Re: [PATCH] xfs: revert to double-buffering readdir

From: Stephen Lord
Date: Fri Nov 30 2007 - 17:43:28 EST




Wow, was it really that long ago!

Looks like the readdir is in the bowels of the btree code when filldir gets called
here, there are probably locks on several buffers in the btree at this point. This
will only show up for large directories I bet.

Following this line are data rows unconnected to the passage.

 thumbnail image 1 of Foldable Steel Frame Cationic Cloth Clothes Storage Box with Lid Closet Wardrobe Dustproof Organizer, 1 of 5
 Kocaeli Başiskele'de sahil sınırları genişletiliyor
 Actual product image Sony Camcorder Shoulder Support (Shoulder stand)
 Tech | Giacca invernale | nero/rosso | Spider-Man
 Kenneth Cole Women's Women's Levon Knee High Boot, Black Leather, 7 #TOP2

The xfs readdir code has the complete xfs inode number in its hands at this point
(filldir is not necessarily getting all the bits of it). All we are doing the lookup
for really is to get the inode number back again so we can get the inode
and get the attributes. Rather dumb really. There has got to be a way of
doing a callout structure here so that the inode number can be pushed
through filldir and back into an fs specific call. The fs then can do a lookup
by id - which is what it does most of the time for resolving nfs handles
anyway. Should be more efficient than the current scheme.

Just rambling, not a single line of code was consulted in writing this message.

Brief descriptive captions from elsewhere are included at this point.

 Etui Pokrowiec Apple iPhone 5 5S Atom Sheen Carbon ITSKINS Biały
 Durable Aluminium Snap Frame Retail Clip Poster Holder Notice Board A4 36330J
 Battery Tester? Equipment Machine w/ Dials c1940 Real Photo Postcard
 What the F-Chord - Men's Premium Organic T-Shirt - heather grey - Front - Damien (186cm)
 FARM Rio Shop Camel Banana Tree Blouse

You want to make a big fat btree directory for testing this stuff. Make sure it gets
at least a couple of layers of node blocks.

Steve

On Nov 30, 2007, at 1:22 AM, Timothy Shimmin wrote:

Christoph Hellwig wrote:
The current readdir implementation deadlocks on a btree buffers locks
because nfsd calls back into ->lookup from the filldir callback. The
only short-term fix for this is to revert to the old inefficient
double-buffering scheme.

Probably why Steve did this: :)

xfs_file.c
----------------------------
revision 1.40
date: 2001/03/15 23:33:20; author: lord; state: Exp; lines: +54 -17
modid: 2.4.x-xfs:slinx:90125a
Change linvfs_readdir to allocate a buffer, call xfs to fill it, and
then call the filldir function on each entry. This is instead of doing the
filldir deep in the bowels of xfs which causes locking problems.